**WHAT YOU NEED TO DO**
The result should be an exact copy of the data, free of pictures.
--- INFORMATION SUPPLIED Enclosed Below ---
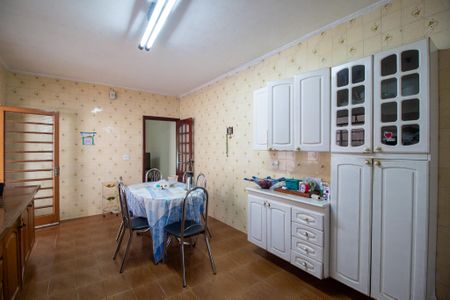 Casa para alugar com 400m², 3 quartos e 2 vagasCozinha 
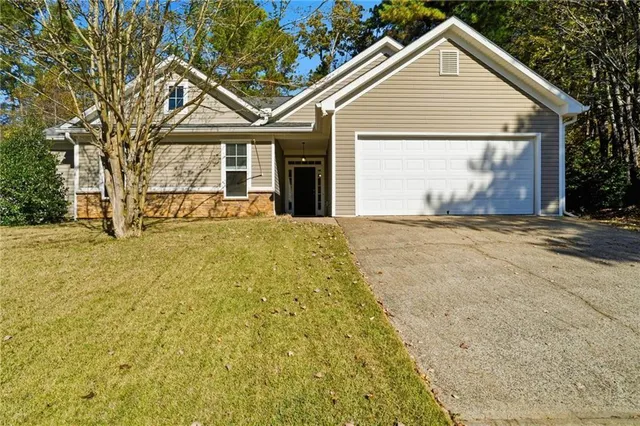 $375,000 | 504 East Lake Court, Woodstock, GA 30188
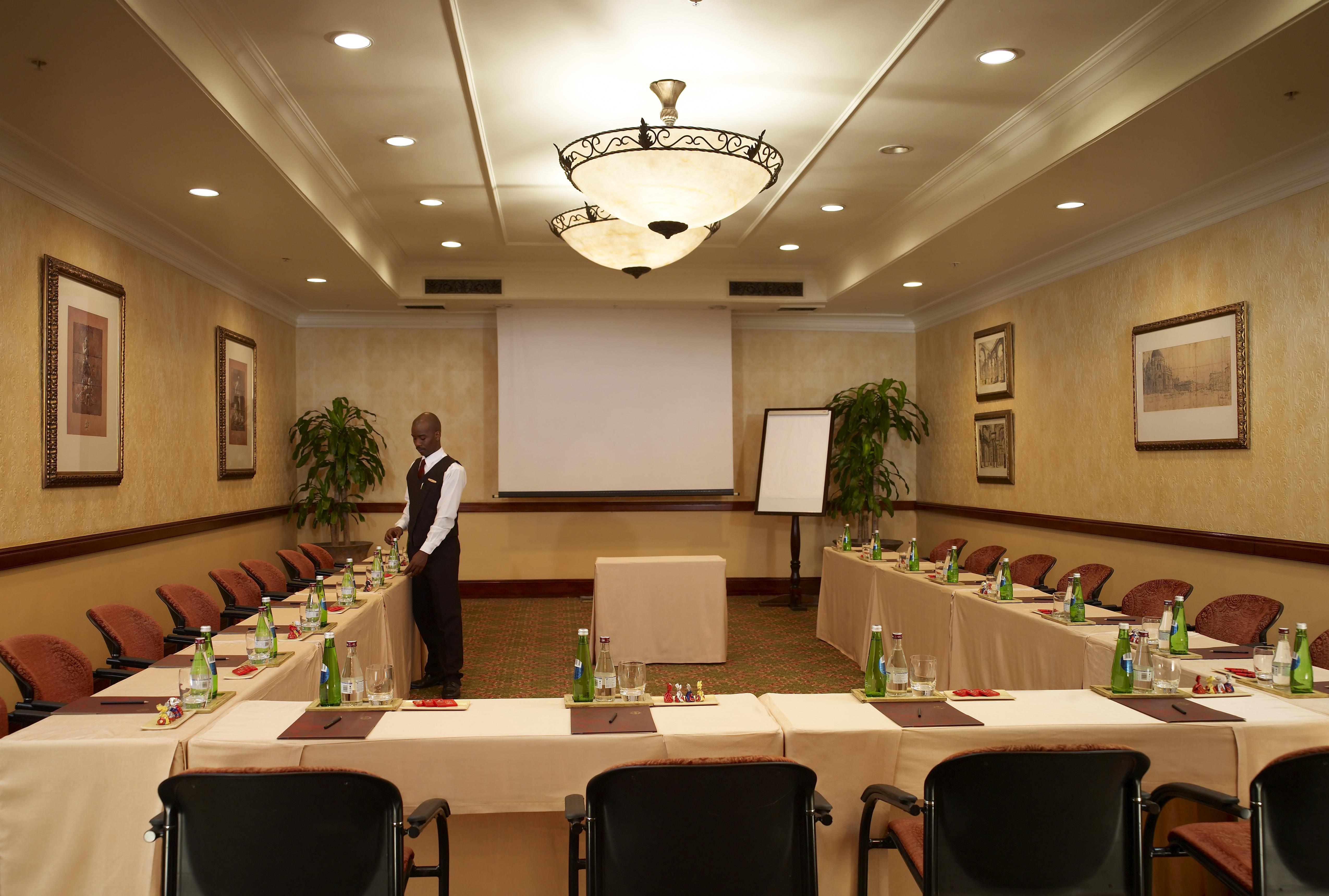 Palazzo Hotel フォーウェイズ エクステリア 写真 A meeting room at a hotel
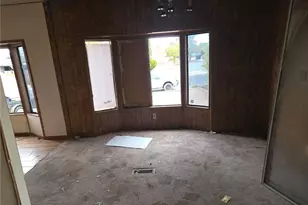 16251 Wimbleton Dr, Victorville, CA 92395 - Photo 9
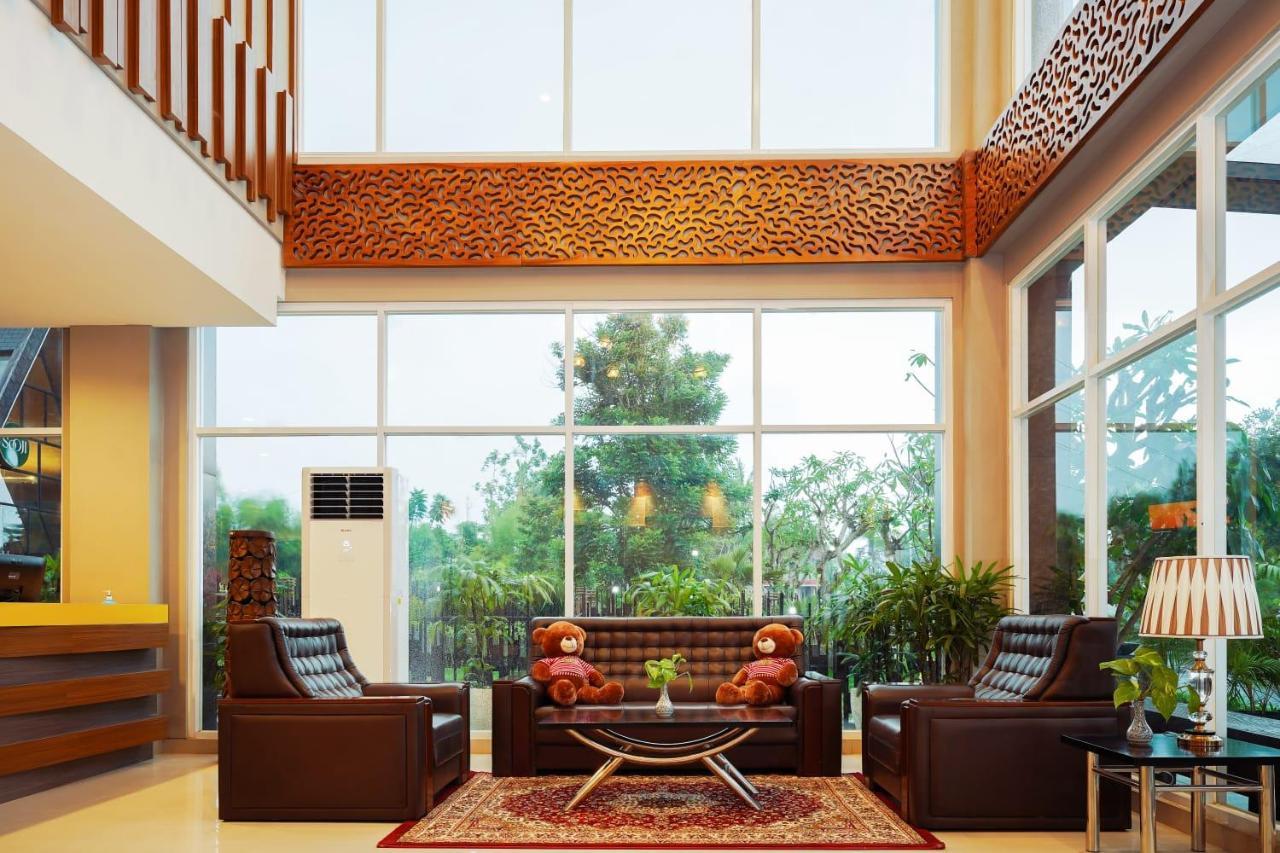Ramada By Wyndham Yogyakarta Hotel Sleman  Eksteriør billede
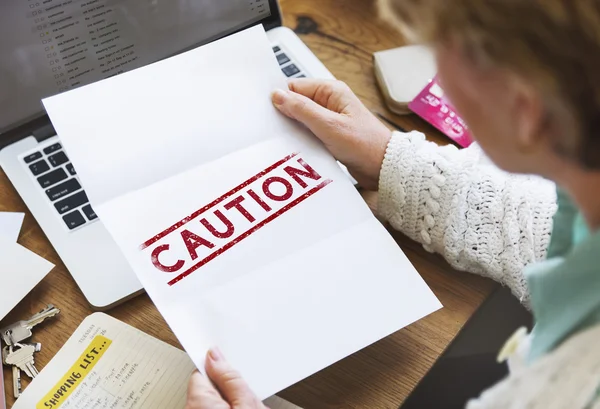 Pedazo de papel con precaución — Foto de Stock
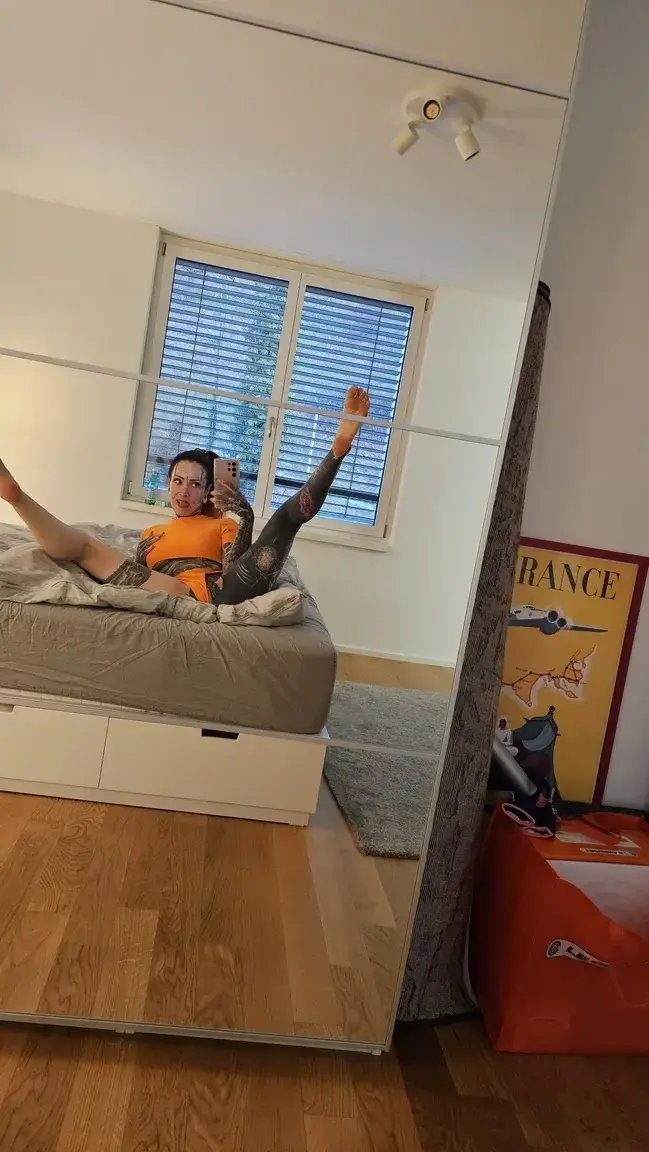 Mon abonnement est 100 % gratuit… viens en privé et laisse-moi te montrer à quel point je peux être coquine😈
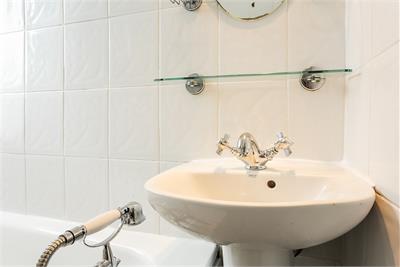 2/2 Hutchison Medway, Edinburgh, EH14 1QW - image 16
--- End of Enclosed INFORMATION SUPPLIED ---
**YOUR SOLUTION**
 Casa para alugar com 400m², 3 quartos e 2 vagasCozinha 
 $375,000 | 504 East Lake Court, Woodstock, GA 30188
 Palazzo Hotel フォーウェイズ エクステリア 写真 A meeting room at a hotel
 16251 Wimbleton Dr, Victorville, CA 92395 - Photo 9
Ramada By Wyndham Yogyakarta Hotel Sleman  Eksteriør billede
 Pedazo de papel con precaución — Foto de Stock
 Mon abonnement est 100 % gratuit… viens en privé et laisse-moi te montrer à quel point je peux être coquine😈
 2/2 Hutchison Medway, Edinburgh, EH14 1QW - image 16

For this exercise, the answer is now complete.